Familiarity with Microsoft Purview, Microsoft Entra, and the SharePoint admin centre in particular will serve you well. The exam also leans into governance and data protection, so if these are areas you have less exposure to, it is worth spending additional time there.
Resources:
- AB-900 Landing Page
- AB-900 Study Guide
- MSLearn: Introduction to Microsoft 365 and AI Administration
- Microsoft Purview Documentation
- Microsoft 365 Copilot Documentation
My Experience and Recommendations
Unlike my experience with other fundamentals certifications, this was the first 900 level exam that I actually struggled for time, so don't get too held up on any individual questions.
- Governance is the main event. The largest skill domain (35 to 40%) covers data protection and governance, and this was reflected heavily in my experience. Microsoft Purview, sensitivity labels, DLP policies, data classification, and DSPM for AI all featured prominently. You need to understand not just what these tools do, but when and why you would use them.
- Entra ID knowledge is essential. Questions around Microsoft Entra covered conditional access policies, MFA, SSO, Identity Secure Score, and Privileged Identity Management (PIM). Understanding how identity and access controls form the foundation of a secure Copilot deployment is critical.
- Understand how Copilot accesses data. A recurring theme was the relationship between Copilot and the Microsoft Graph. You need to understand how Copilot respects existing permissions, and any sharing or permissions issues in SharePoint or OneDrive. Questions are likely to cover operational elements such as data access governance reports and using SharePoint Advanced Management to identify and remediate risks.
- Agent functionality and limitations came up more than expected. For a fundamentals exam, there was a fair amount of content around creating, testing, publishing, and governing agents. You are likely to be evaluated on the differences between built in Copilot capabilities and custom agents at a very high level. These questions aren't difficult, they just felt a little outside the core of evaluating administration knowledge.
- Business value and adoption are tested.

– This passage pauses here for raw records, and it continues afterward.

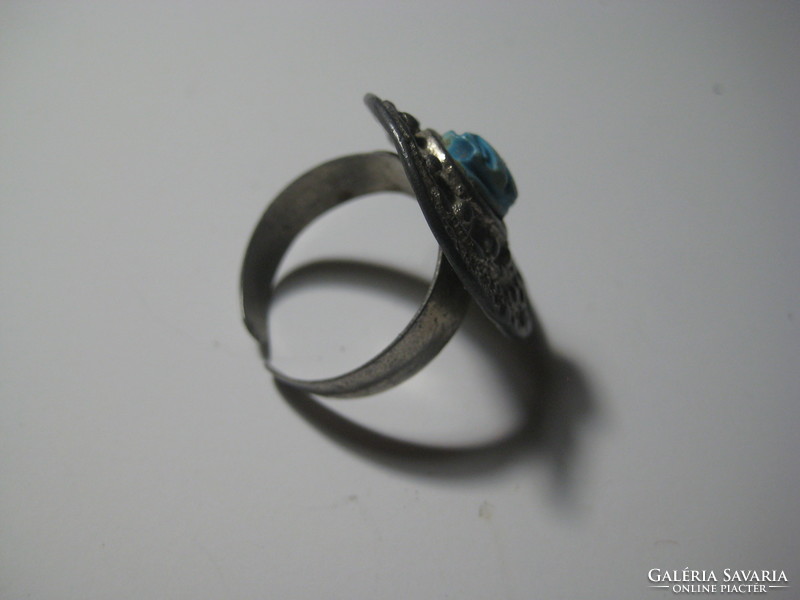 In the middle of an antique ring is a scarabeus beetle carved from a mineral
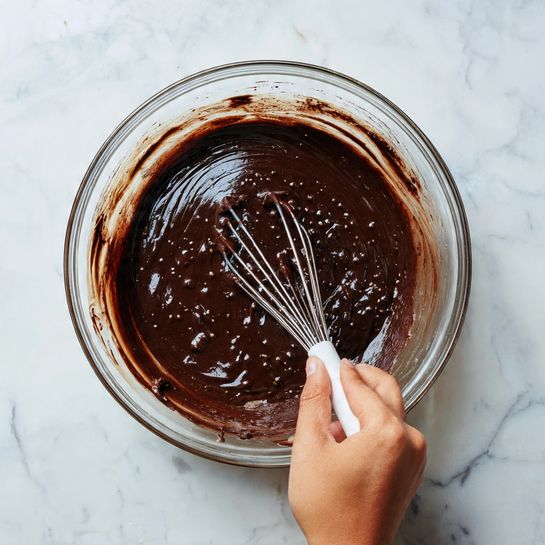 A clear glass bowl filled with dark brown, glossy chocolate batter that has a smooth and thick texture, with small bubbles visible on the surface. A woman's hand is seen holding a white-handled whisk, mixing the batter in the bowl. The bowl sits on a white marbled surface, with some chocolate batter smeared slightly on the sides of the bowl. photo taken with an iphone --ar 4:5 --v 7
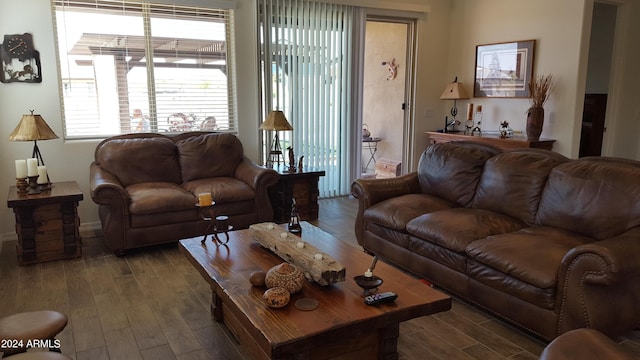 living area with baseboards and wood finished floors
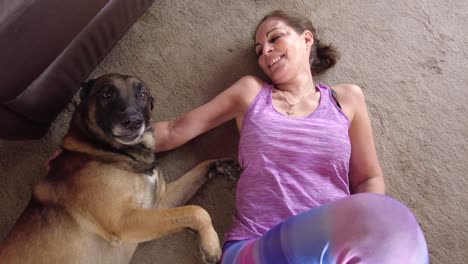 top view of happy woman taking free time with her dog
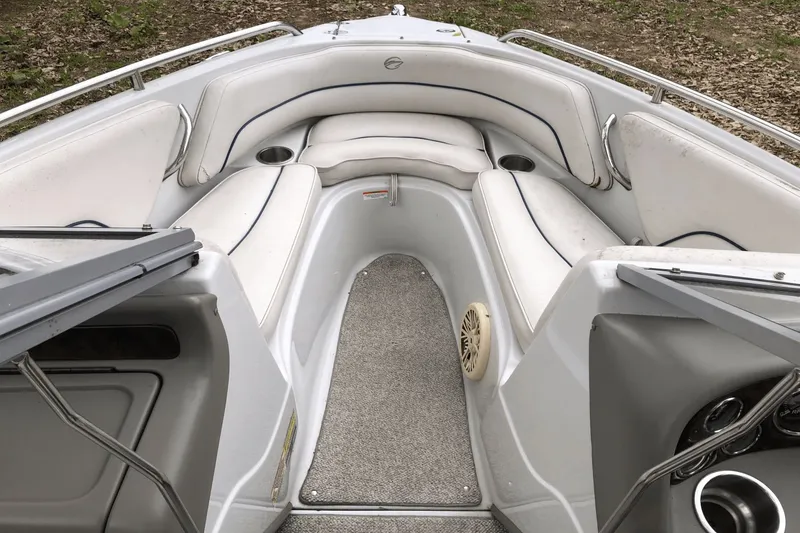 Slide: The Image of 2008 Crownline 19 SS boat interior with white seating and carpeted floor. - 12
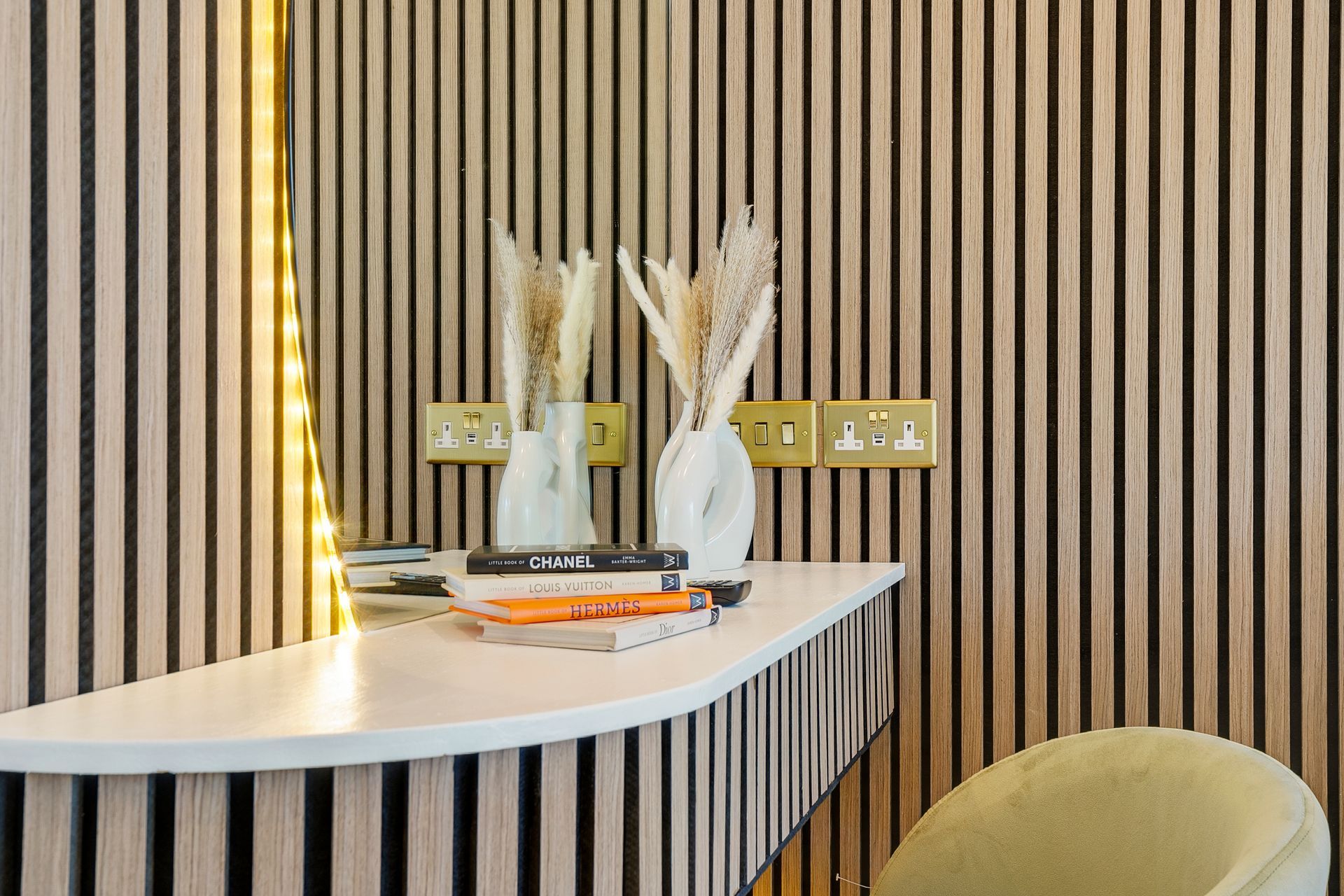 A wooden wall with a desk and chair in front of it.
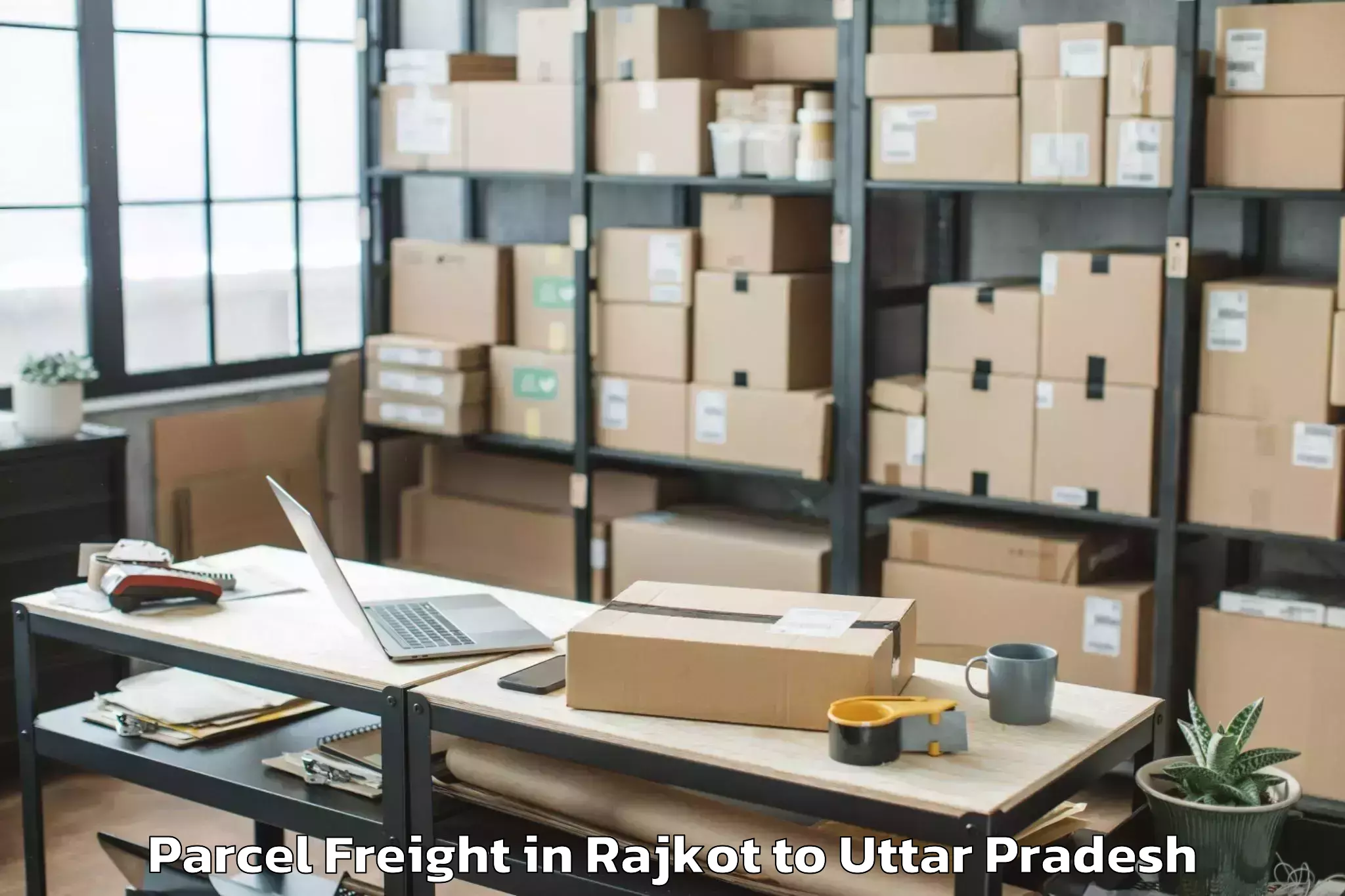 Get Rajkot to Abhilashi University Banda Parcel Freight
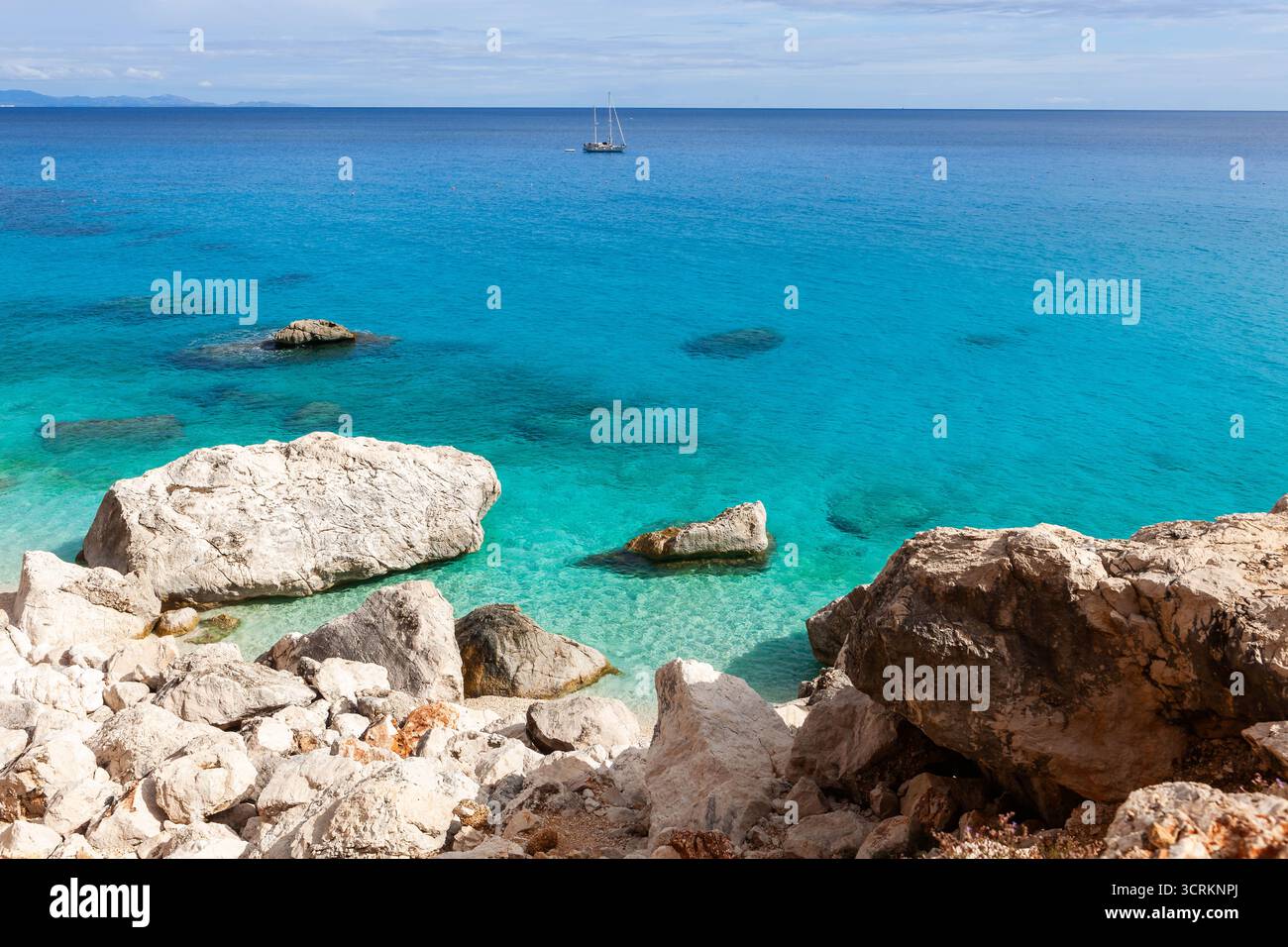 Sardegna, Italia. Mare Mediterraneo cristallino, incredibili acque turchesi color smeraldo, splendide rocce e una barca a vela bianca. Foto Stock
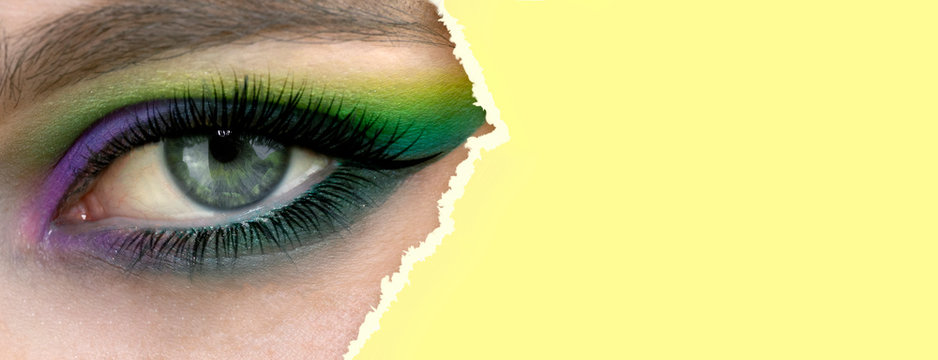 Banner with female eye makeup, closeup. Makeup with bright eye shadows. On eyes beautiful model girl's apply makeup yellow - green eye shadow.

Expect questions around Copilot licensing models (monthly licence vs pay as you go), monitoring adoption through Copilot Analytics, and understanding the use cases for advanced agents like Researcher and Analyst.
- Know your admin centres. You need clarity on which admin centre is used for what. Exchange Online for mailboxes and distribution lists, SharePoint for sites and permissions, Teams for channels and policies, Entra for identity, Purview for compliance. Questions often tested whether you could identify the correct admin centre for a given task - you should also understand the approval process for agents, and how to monitor their usage.
Overall, the AB-900 is a solid certification for anyone looking to demonstrate foundational competence in administering and governing Copilot and agents within Microsoft 365. But I would only really recommend it to M365 administrators and anyone involved in Copilot enablement who wants to validate their understanding.